Ambiente e contesto musicale diverso in Um abraço no Jobim. «Roberto mi ha avvicinato alla musica brasiliana e, forse, io l’ho avvicinato al jazz. Con Edu Hebling e Roberto Rossi abbiamo suonato in diversi contesti, ad esempio con Rosalia De Souza. Tutte le volte che abbiamo suonato insieme si sono create sempre delle situazioni interessanti e mi è venuto naturale pensare di trasportare quell’intesa in un quartetto.» Un disco dove arrangiamento e soluzioni si rivelano articolate e particolari, nonostante Maurino sottolinei come la costruzione del disco sia scaturita in un pomeriggio di prove. Un repertorio compatto e interpretato attraverso una visione unitaria, figlia di una conoscenza, di una pratica e di un trasposto forti nei confronti dei brani di Jobim. Taufic e Hebling sono brasiliani e perciò vivono in maniera naturalmente profonda le canzoni; Maurino e Rossi hanno, oltre alla collaborazione con Rosalia Da Souza, interpretato quelle canzoni in contesti diversi: l’approccio non usuale ad alcuni temi scaturisce da un rapporto costante e intimo con i brani. «Nel disco “brasiliano” abbiamo puntato l’attenzione sulla melodia e sulla forza ritmica. In Luiza, ad esempio, abbiamo portato il 3/4 dell’originale in una sorta di bolero oppure in Chovendo na roseira abbiamo cercato un ritmo afro e in Por toda minha vida sotto la melodia marcata abbiamo lasciato correre una ritmica più libera. Il disco è suonato: di solito i dischi su Jobim sono più orientati verso la complessità armonica, verso l’arricchimento ulteriore di strutture già ricche e complete. Noi abbiamo scelto i brani guardando alla melodia, al fatto di poter essere cantati dal sassofono.»

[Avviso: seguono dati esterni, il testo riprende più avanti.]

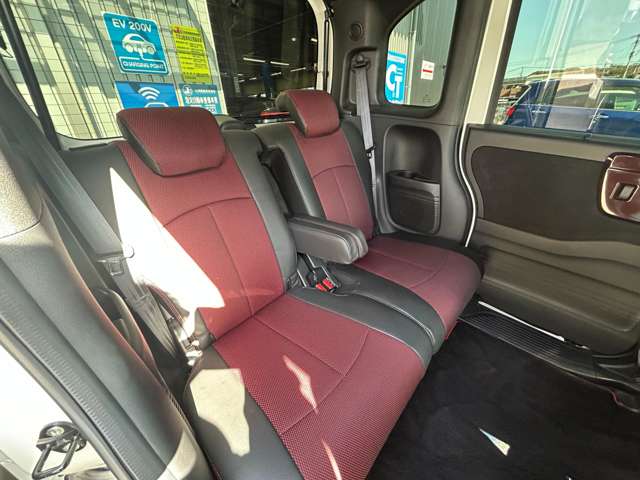 ホンダ Ｎ　ＢＯＸ カスタム ６６０ Ｌ R5年 (九州・沖縄) 99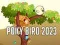 Cluiche Éan Poky 2023 ar líne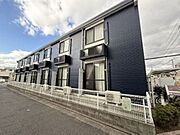 レオパレス操 1階 築18年1ヶ月の賃貸物件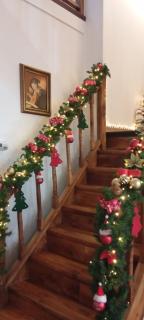 Vila Iulia Busteni - 7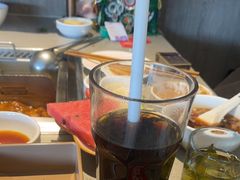 -海底捞火锅(老城根店)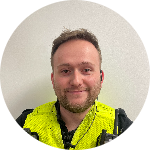 Jake Reynish (South Wales Police, Police Constable, Penlan Neighbourhood Policing Team)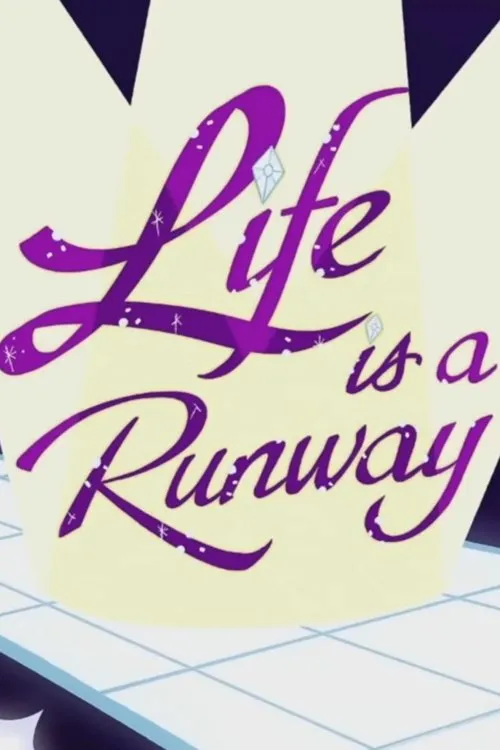 Kaylee Johnston interpreta a Backup vocals en Life is a Runway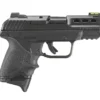 Ruger Security-380 Compact .380 ACP Black Oxide Pistol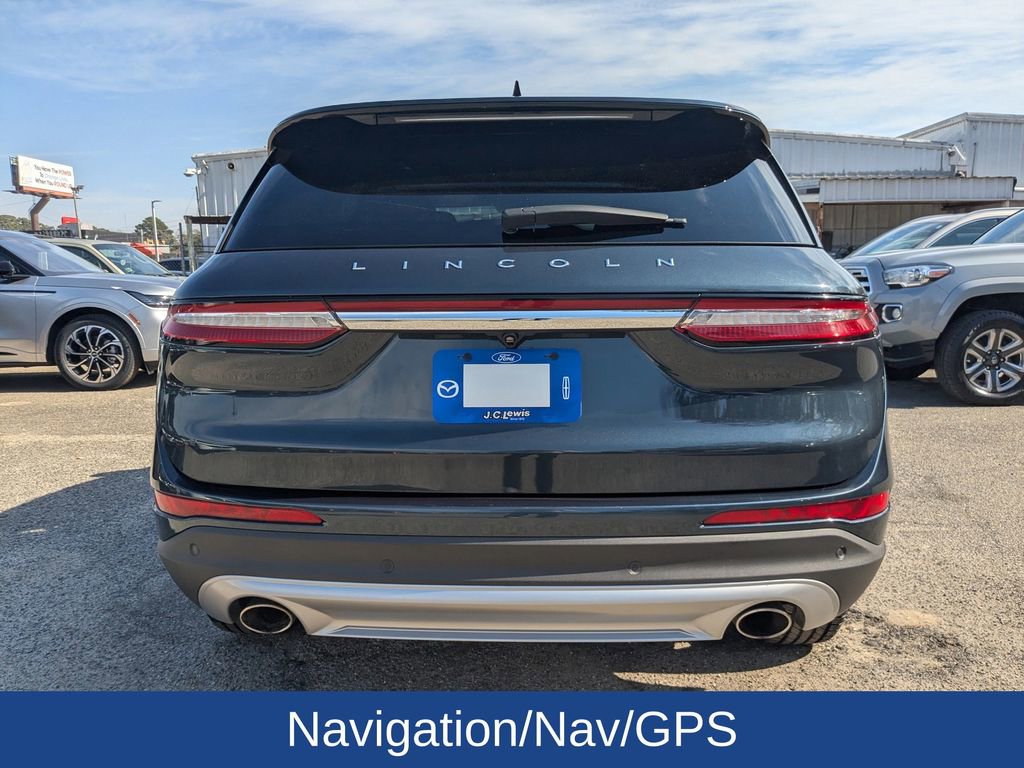 Used 2022 Lincoln Corsair Reserve w/ Equipment Group 201A image 5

Una novità nel percorso di Maurino è stato il trasferimento da Roma a Torino. «Andare in una città diversa significa semplicemente aprirsi a nuovi contatti. La scelta di Torino non è stata casuale, sia per le origini della mia famiglia che per l’amicizia con Roberto Taufic. Da una parte, Torino è più vicina all’Europa ed è più facile collegarsi ad altre realtà e, inoltre, la città è più piccola e perciò molto vivibile. Gli eventi sono più concentrati e i musicisti hanno molta voglia di scambiarsi informazioni, di incontrarsi, di provare.» Naturalmente restano i contatti con l’ambiente romano in cui il sassofonista è nato e di cui è un protagonista sin dai tempi della registrazione con Charlie Mingus della colonna sonora di Todo Modo. «Dall’anno scorso abbiamo rimesso in piedi Spirale, grazie all’impulso di Giampaolo e Michele Ascolese, per recuperare l’idea di gruppo, di amici che provano. Spirale aveva un suo seguito all’epoca ed effettivamente è bello rivedere persone che non incontravo più da anni tra il pubblico dei nostri concerti.»